Galerie

diekleinegalerie

Goßlerstraße 21, 12161 Berlin-Bezirk Tempelhof-Schöneberg

Highlights

  • diekleinegalerie zeigt zeitgenössische Kunst in Berlin-Friedenau mit Fokus auf Malerei, Skulptur und interdisziplinäre Arbeiten.
  • Die Ausstellungen wechseln regelmäßig und präsentieren sowohl etablierte als auch emergierende Künstler*innen.
  • Zur aktuellen Schau gehören Werke von Susanne Ring unter dem Titel „my private psycho gardening“.

Tipps

  • Besuchen Sie die Galerie während der Öffnungszeiten: Mittwoch und Freitag 15–18 Uhr sowie Samstag 11–14 Uhr.
  • Nehmen Sie an den Vernissagen teil, um aktuelle Ausstellungen wie die von Susanne Ring im Juni 2026 zu erleben.
  • Informieren Sie sich über zukünftige Ausstellungen mit Künstler*innen wie Pia Fischer und Bettina Lüdicke.

Eigenschaften

Bei Regen geeignet Bildung Kulturell Ganzjährig

Über diekleinegalerie

Inmitten des Berliner Bezirks Tempelhof-Schöneberg, genauer in Friedenau, befindet sich die kunterbunte und kulturaffine Galerie „diekleinegalerie“. Obwohl ihr Name bescheiden wirkt, bietet sie einen feinen und inspirierenden Raum für zeitgenössische Kunst und kritischen Diskurs. Die Galerie versteht sich nicht nur als Ausstellungsraum, sondern als Ort des Austauschs, der Reflexion und der Begegnung – fernab vom Mainstream und doch mit hohem ästhetischen Anspruch.

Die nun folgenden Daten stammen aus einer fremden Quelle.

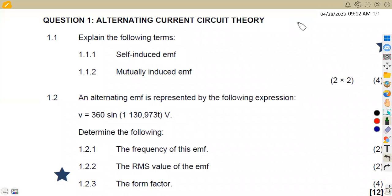Hello guys, based on African Motives, still on Electrical Trade Theory N2, working on alternating current. This is the second theory. We've got a question from the November 2022 exams. We are given the first part of the question, 1.1, which is to explain the following terms.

Die Ausstellungen zeichnen sich durch eine sorgfältige Kuratierung aus, bei der sowohl Einzelpositionen als auch thematisch stimmige Gruppenausstellungen präsentiert werden. Besucher*innen können hier Werke zeitgenössischer Künstler*innen entdecken, die in unterschiedlichsten Medien arbeiten – von Malerei über Skulptur bis hin zu Keramik und Zeichnung. Die gezeigte Kunst setzt sich häufig mit dem Menschen, seinen Beziehungen und seiner Körperlichkeit auseinander und lädt zur intensiven Auseinandersetzung ein.

Besondere Atmosphäre entsteht dabei durch das Engagement des Galeristen Norbert Hümbs, der nicht nur für die Auswahl der Arbeiten verantwortlich ist, sondern auch den Raum selbst zu einem Ort der Ruhe und Konzentration gestaltet. Die Öffnungszeiten sind überschaubar und laden dazu ein, bewusst Zeit für die Kunst zu nehmen – sei es mittwochs und freitags am Nachmittag oder samstags vormittags. Auch individuelle Besichtigungen sind nach Absprache möglich.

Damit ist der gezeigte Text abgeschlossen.